[Action item] Set down all of the data exactly. Pictures stay out of the copy.

Stored entries
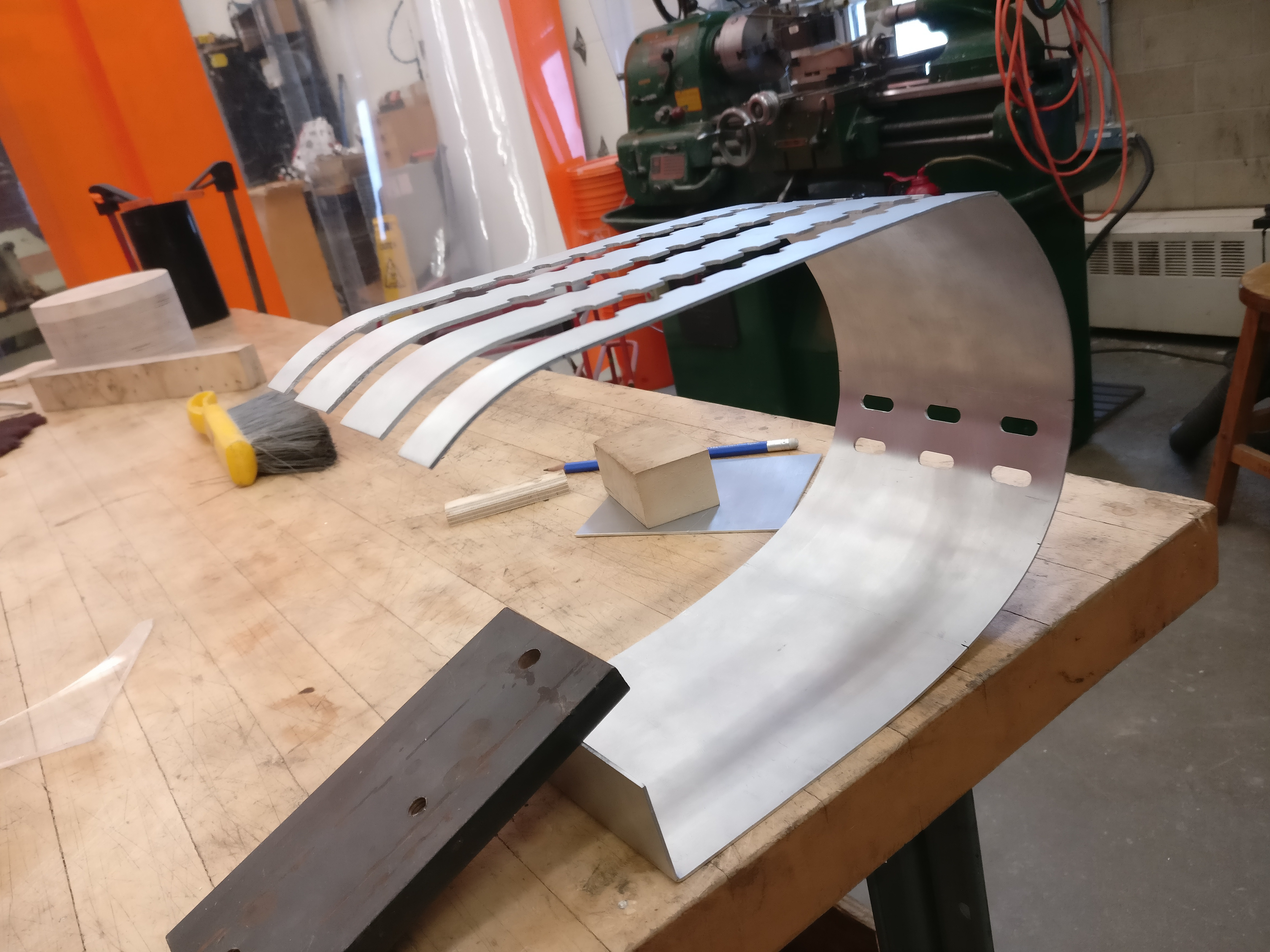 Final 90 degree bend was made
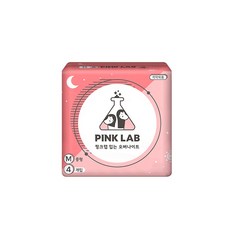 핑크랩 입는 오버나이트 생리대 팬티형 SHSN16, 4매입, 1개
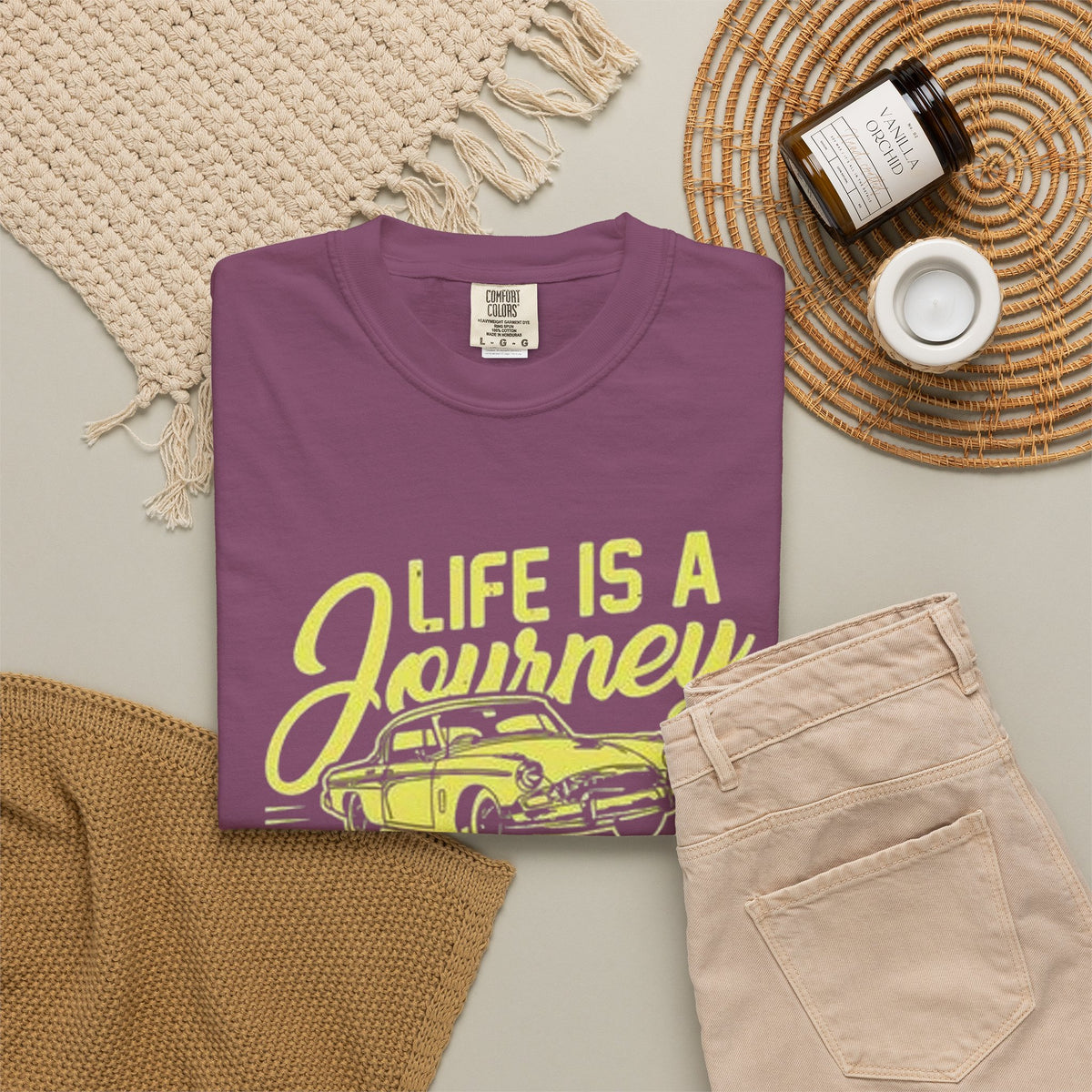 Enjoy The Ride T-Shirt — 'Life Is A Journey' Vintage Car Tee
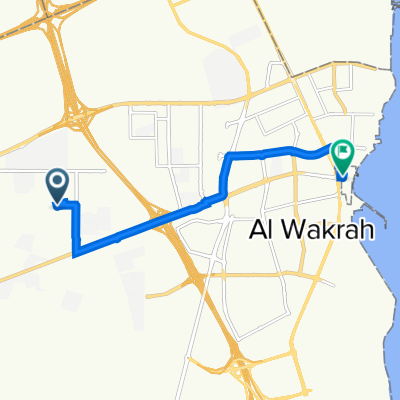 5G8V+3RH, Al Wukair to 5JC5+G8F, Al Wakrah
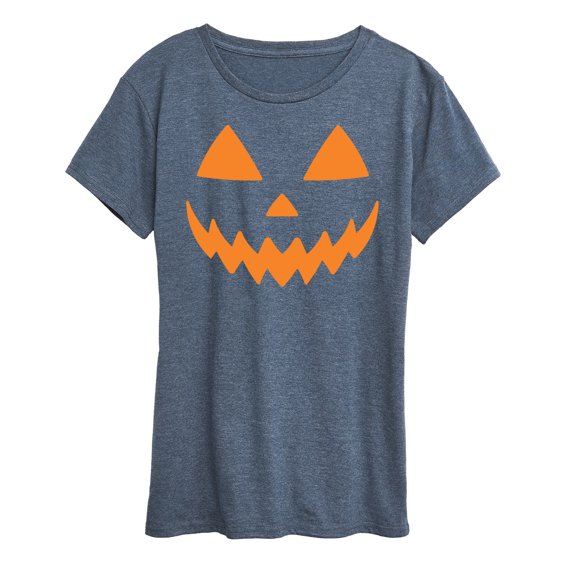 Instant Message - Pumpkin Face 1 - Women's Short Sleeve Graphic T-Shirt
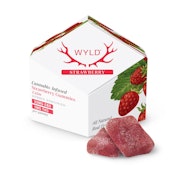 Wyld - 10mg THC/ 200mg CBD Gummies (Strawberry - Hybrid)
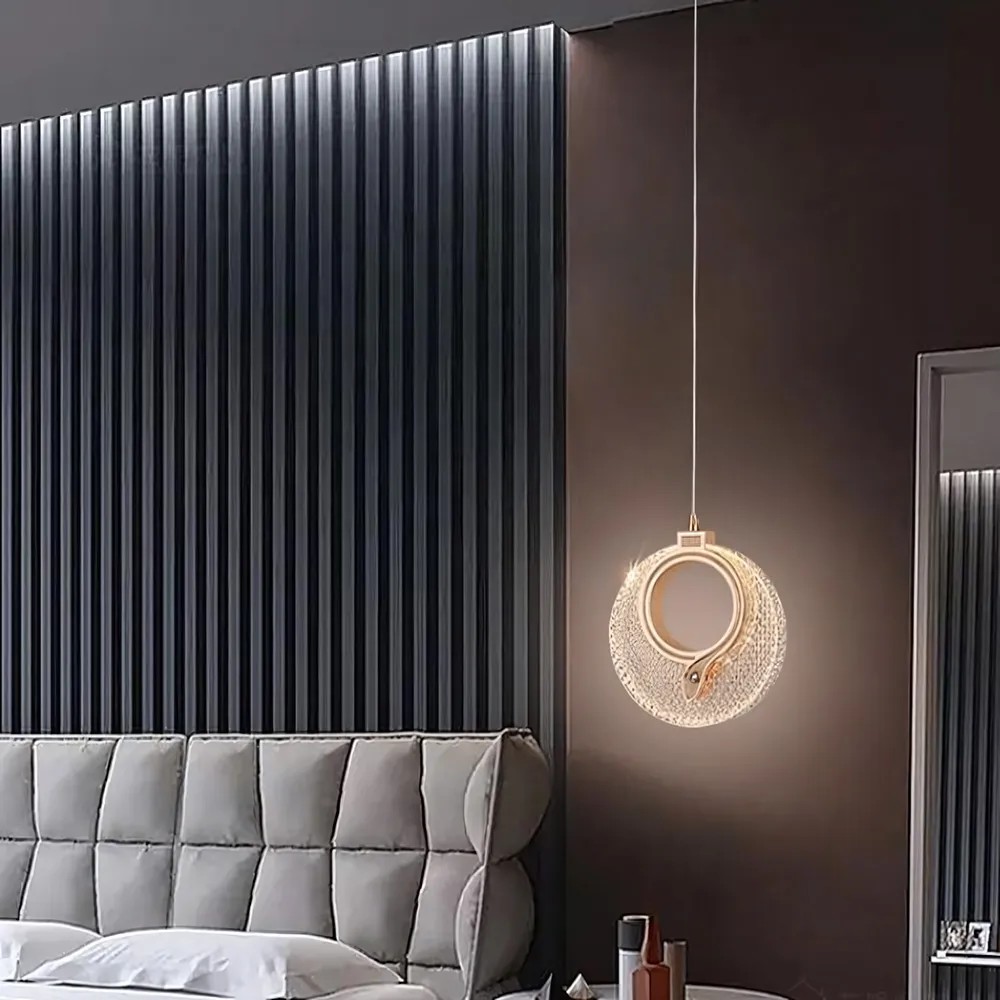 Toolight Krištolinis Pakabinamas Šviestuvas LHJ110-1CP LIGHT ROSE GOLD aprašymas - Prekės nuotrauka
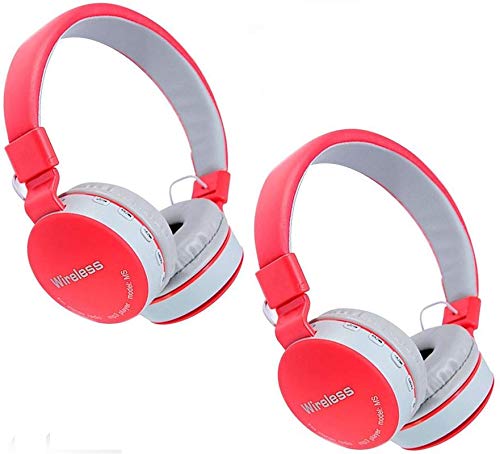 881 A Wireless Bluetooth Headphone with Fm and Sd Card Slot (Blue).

[Solution to this problem]
 Final 90 degree bend was made
 핑크랩 입는 오버나이트 생리대 팬티형 SHSN16, 4매입, 1개
 Enjoy The Ride T-Shirt — 'Life Is A Journey' Vintage Car Tee
 5G8V+3RH, Al Wukair to 5JC5+G8F, Al Wakrah
 Instant Message - Pumpkin Face 1 - Women's Short Sleeve Graphic T-Shirt
 Wyld - 10mg THC/ 200mg CBD Gummies (Strawberry - Hybrid)
 Toolight Krištolinis Pakabinamas Šviestuvas LHJ110-1CP LIGHT ROSE GOLD aprašymas - Prekės nuotrauka
 881 A Wireless Bluetooth Headphone with Fm and Sd Card Slot (Blue).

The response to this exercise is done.